Chapter 3, “Beginnings,” offers a vivid ideological genealogy of neoliberalism. Here, Gerstle traces its intellectual lineage from Hayek and Mises to Reagan and Thatcher, but also emphasizes the tactical reshaping of liberal ideals—especially liberty and individualism—into pro-market arguments. The chapter exposes how Reagan reanimated classical liberal language to mask the coercive elements of neoliberal discipline. Gerstle’s lens here is intellectual-historical, showing how market ideology was not merely inherited but reinvented to fit a new global and domestic context.

In Chapter 6, “Hubris,” Gerstle analyzes the emotional and symbolic appeal of neoliberal globalization under George W. Bush. Through this psychological and cultural lens, he shows how the rhetoric of freedom, post-racial progress, and entrepreneurial identity papered over rising inequality and mass incarceration. Gerstle connects this mythos to post-9/11 nationalism and Bush’s attempts to export neoliberal ideals to Iraq. The result is a persuasive interpretation of how neoliberalism blurred moral self-conception with consumer freedom and cosmopolitan identity, even as domestic divisions deepened.

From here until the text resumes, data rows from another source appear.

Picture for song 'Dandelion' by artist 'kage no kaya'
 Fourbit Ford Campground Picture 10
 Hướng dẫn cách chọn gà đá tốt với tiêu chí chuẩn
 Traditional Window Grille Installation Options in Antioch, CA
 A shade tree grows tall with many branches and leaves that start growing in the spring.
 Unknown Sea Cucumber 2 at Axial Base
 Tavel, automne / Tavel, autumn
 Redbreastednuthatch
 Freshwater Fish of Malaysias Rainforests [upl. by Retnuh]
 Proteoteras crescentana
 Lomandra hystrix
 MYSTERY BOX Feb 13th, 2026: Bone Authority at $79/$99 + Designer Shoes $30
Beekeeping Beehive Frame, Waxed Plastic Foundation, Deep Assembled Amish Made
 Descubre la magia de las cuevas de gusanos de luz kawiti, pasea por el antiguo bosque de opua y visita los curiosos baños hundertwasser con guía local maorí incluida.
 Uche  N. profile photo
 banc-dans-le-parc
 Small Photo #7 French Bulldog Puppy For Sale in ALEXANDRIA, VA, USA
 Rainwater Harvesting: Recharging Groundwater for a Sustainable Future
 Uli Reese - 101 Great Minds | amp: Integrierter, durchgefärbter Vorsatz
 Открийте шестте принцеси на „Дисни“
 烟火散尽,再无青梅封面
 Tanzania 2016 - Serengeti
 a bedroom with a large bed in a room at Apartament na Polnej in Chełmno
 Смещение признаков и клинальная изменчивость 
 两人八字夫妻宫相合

Chapter 4, “Ascent,” explores Bill Clinton’s role in institutionalizing neoliberalism through trade liberalization, financial deregulation, and welfare reform. Using an economic-policy lens, Gerstle argues Clinton functioned as a “Democratic Eisenhower,” smoothing bipartisan consensus around market primacy. The chapter highlights how the post–Cold War moment—free from the pressures of Soviet containment—allowed capital to shed the constraints of New Deal-era compromise. In contrasting Clinton with Reagan, Gerstle shows how centrist liberalism abandoned social-democratic aspirations in favor of technocratic market governance.

While the book succeeds in presenting a sweeping narrative, it occasionally sacrifices complexity for coherence. The cultural dimensions of neoliberalism—especially in media and religion—are gestured at but not deeply developed. For instance, more attention to how neoliberalism shaped education, social media, or entertainment could have strengthened the account of its psychological and affective appeal. A few chapters also rely heavily on secondary literature, and the absence of more diverse archival voices can flatten the popular dimensions the book seeks to emphasize.

Though Gerstle critiques both left- and right-wing figures, the book often characterizes conservative opposition without direct engagement. The internal diversity of conservative and libertarian thought is somewhat underexplored—particularly the intellectual fissures between religious traditionalists, economic libertarians, and national populists. For example, deeper discussion of paleoconservatism or neoreactionary thought might have better contextualized the post-2010 rightward drift. Engaging directly with these materials could have sharpened Gerstle’s arguments and preempted critiques of ideological simplification.

The book is heavily centered on American actors and events, with only limited discussion of how neoliberalism was shaped by and responded to global South actors, decolonization, or international labor movements. This U.S.-centric focus is partially compensated by references to global policy shifts, but the inclusion of more voices from Latin America, Asia, or Africa would have complicated the narrative of neoliberalism’s “triumph” and offered a fuller view of its consequences. The reliance on elite political figures—presidents, advisors, think tanks—also means that bottom-up social movements are sometimes peripheral.

The Rise and Fall of the Neoliberal Order is a masterclass in historical synthesis, mapping the ideological arc of neoliberalism from its insurgent beginnings to its contested decline. Gerstle’s integration of economic, political, and cultural analysis offers a powerful framework for understanding the recent past—and the current moment of ideological rupture. Its interdisciplinary scope and accessible prose make it a valuable contribution for scholars, students, and anyone seeking to understand how neoliberalism became “common sense”—and why that common sense is now unraveling. While the book could have gone deeper in its global and cultural analysis, it remains one of the most compelling narratives of neoliberalism’s lifecycle to date.